MIPS代写:CS67769 Simmips



Each semester I develop one or more projects that require you to implement many of the design patterns and APIs discussed in class. The project for this semester is an instruction-level simulator of a common CPU instruction set architecture called MIPS.

MIPS is a RISC (reduced-instruction set computer) architecture adaptable to a wide-variety of applications, ranging from embedded systems (e.g. PIC32) and game consoles (e.g. PlayStation), to high-end servers (e.g. ARMv8). We will be simulating the first version, MIPS Release I, without co-processors. This CPU is ideally suited to our purposes since there are (relatively) few instructions with only three instruction formats and two addressing modes. It uses a 32-bit word size and has 32 general-purpose registers.

Our simulator, which we will call simmips , will read a defined subset of MIPS assembly source code and simulate program execution, similar, but not identical to, SPIM and MARS. The code and tests will be developed over the first part of the semester in milestones 0-2. We will then write a graphical debugger and visualization tool in milestones 3-4 during the last part of the semester.

The milestones will be used for grading and thus are motivation to not procrastinate. They correspond closely to the schedule of material that we will be covering in class. Your progress will be tracked through a series of private git repositories on GitHub.

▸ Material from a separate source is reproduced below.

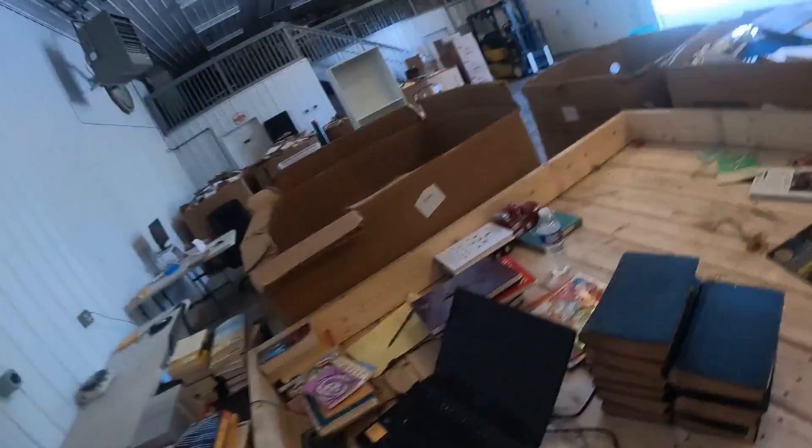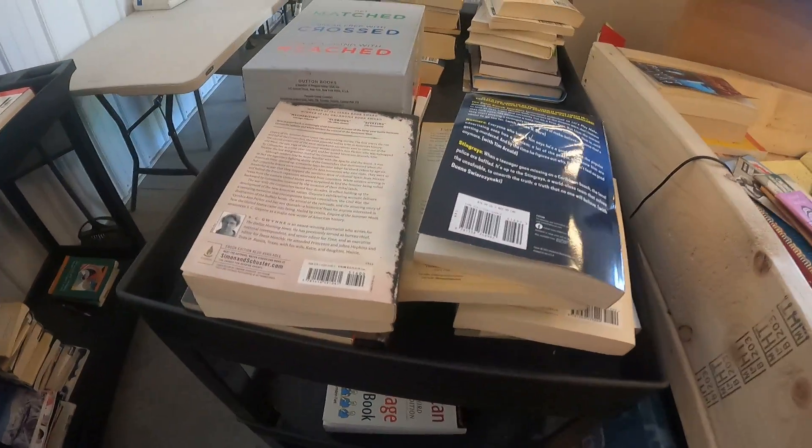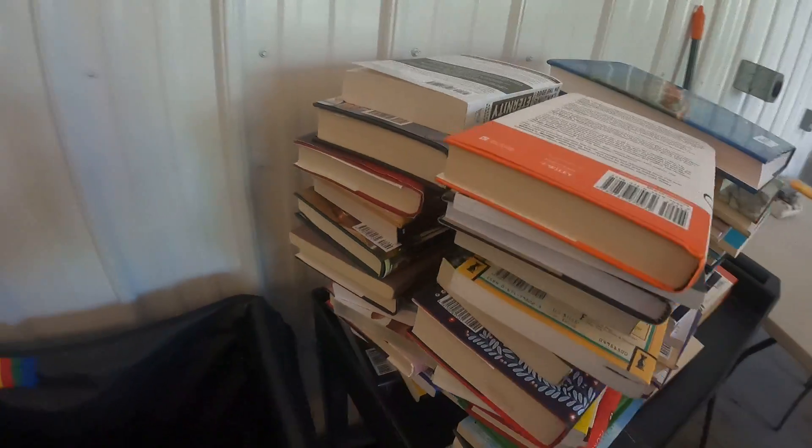Then we dumped another one and went through more books and it started getting a little better. Then a $20 bill flies out of one of the books — it was crazy. I was literally about to toss that book into the dud pile and the $20 bill fell out. After that happened, everything got better. We went from almost nothing to a huge pile — all these books are like World War II pilot books at like $20 to $30 profit each. It was insane.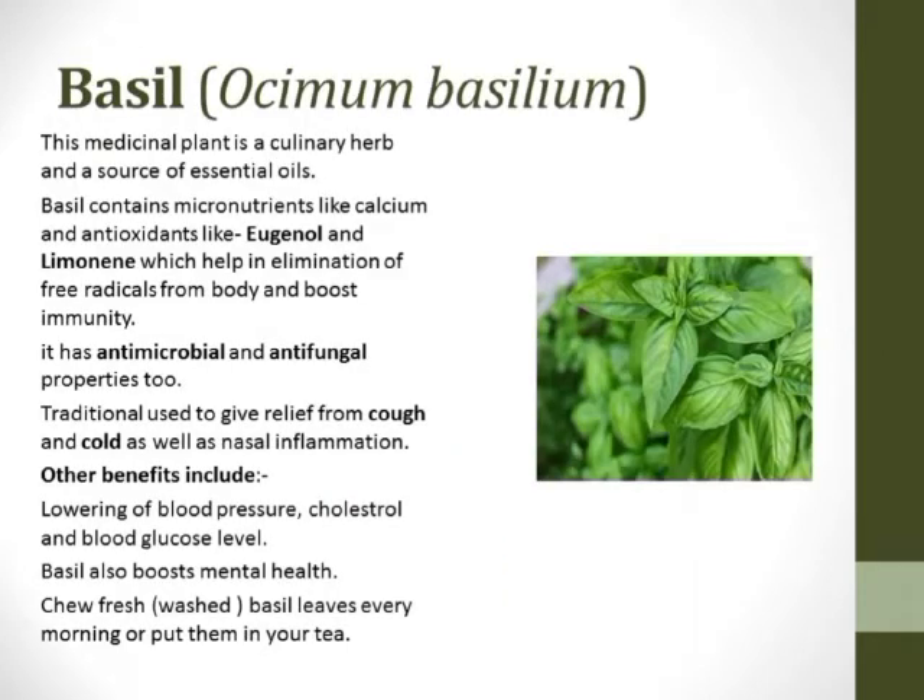The holy plant basil consists of two antioxidants, eugenol and limonene, which help in the elimination of free radicals from our body and boost our immune system. Apart from that, it gives relief from cough and cold, boosts our mental health, and helps in lowering blood pressure, cholesterol, and blood glucose levels.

The goal of this first milestone is to develop the lexer for our simulator. This will allow you to get accustomed to the course workflow, gain experience reading specifications, and refresh your programming skills. You will write a lexer for MIPS assembly source files, producing a sequence of tokens.

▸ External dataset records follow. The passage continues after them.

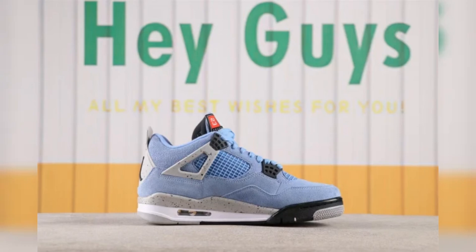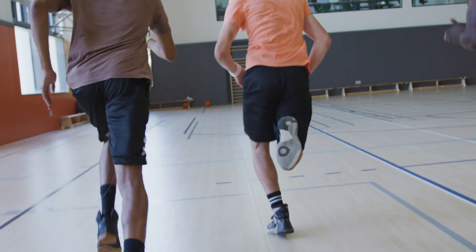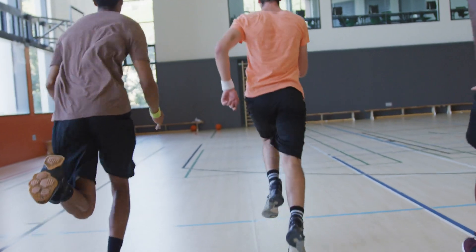Versatile design that effortlessly transitions from casual to smart casual to streetwear. Elevate your sneaker game. Shop now at Puffa Trade for the Air Jordan 4 Retro University Blue.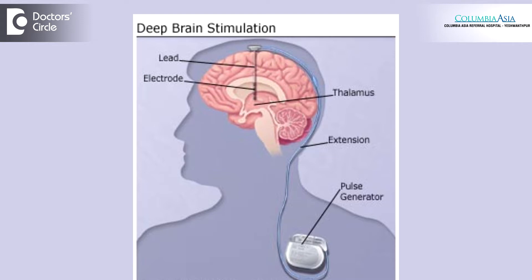DBS, that is deep brain stimulation surgery in Parkinson's disease, is a very effective treatment. It usually resolves most of the symptoms of Parkinson's disease like tremors, bradykinesia, and rigidity. It improves the motor fluctuations, reduces drug-induced dyskinesias, and minimizes hallucinations and psychosis in the form of reduction in post-operative medicine requirement.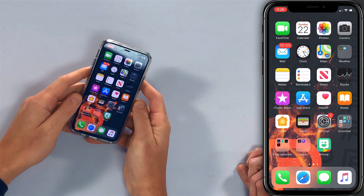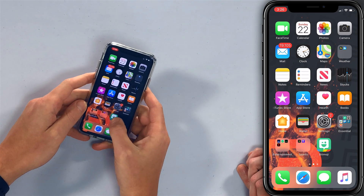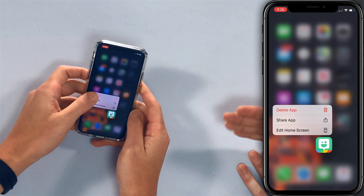Find the app you want to delete. For me, it's going to be Bitmoji — I don't use that keyboard. Press and hold. Boom — Delete app. Just tap Delete app.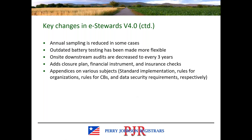In some cases, annual sampling is reduced. The outdated battery testing requirements have been made more flexible. On-site downstream audits are decreased to every three years instead of every two years in version 4. There are additional closure plan, financial instrument, and insurance check requirements. Version 4.0 also includes appendices on a variety of subjects at the end of the standard, covering standard implementation, rules for organizations, rules for certification bodies such as PJR, and data security requirements respectively.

This assignment requires very little C++ experience beyond basic data structures. If you struggle with this assignment you are woefully ill-prepared for this course. This means you should devote additional time to it and seek advice from the TAs and myself, or as a last resort drop.

  • Section 4 of “MIPS Assembly Language Programming using QtSpim”, by Ed Jorgensen, 2016.
  • Lexing
  • CMake Workflow on Windows

Basics of MIPS Assembly

The role of a compiler is to translate from a higher-level representation of a computation, called the source language, to a lower one, called the target language. Traditionally, when you are programming in a high-level language like C or C++, the target language is assembly. Individual files, or modules, are then passed through another compiler, called an assembler to produce object (machine) code. Multiple module object code is combined (usually with pre-compiled library code) by the linker to produce the final executable machine code. Modern compilers typically subsume high-level compilation and assembly into a single program, although they can emit intermediate languages. Some high-level languages (e.g. Java, C#, Lua, PLT scheme) compile to a portable intermediate language called bytecode, which is then compiled to machine code as needed (so-called just-in-time or JIT).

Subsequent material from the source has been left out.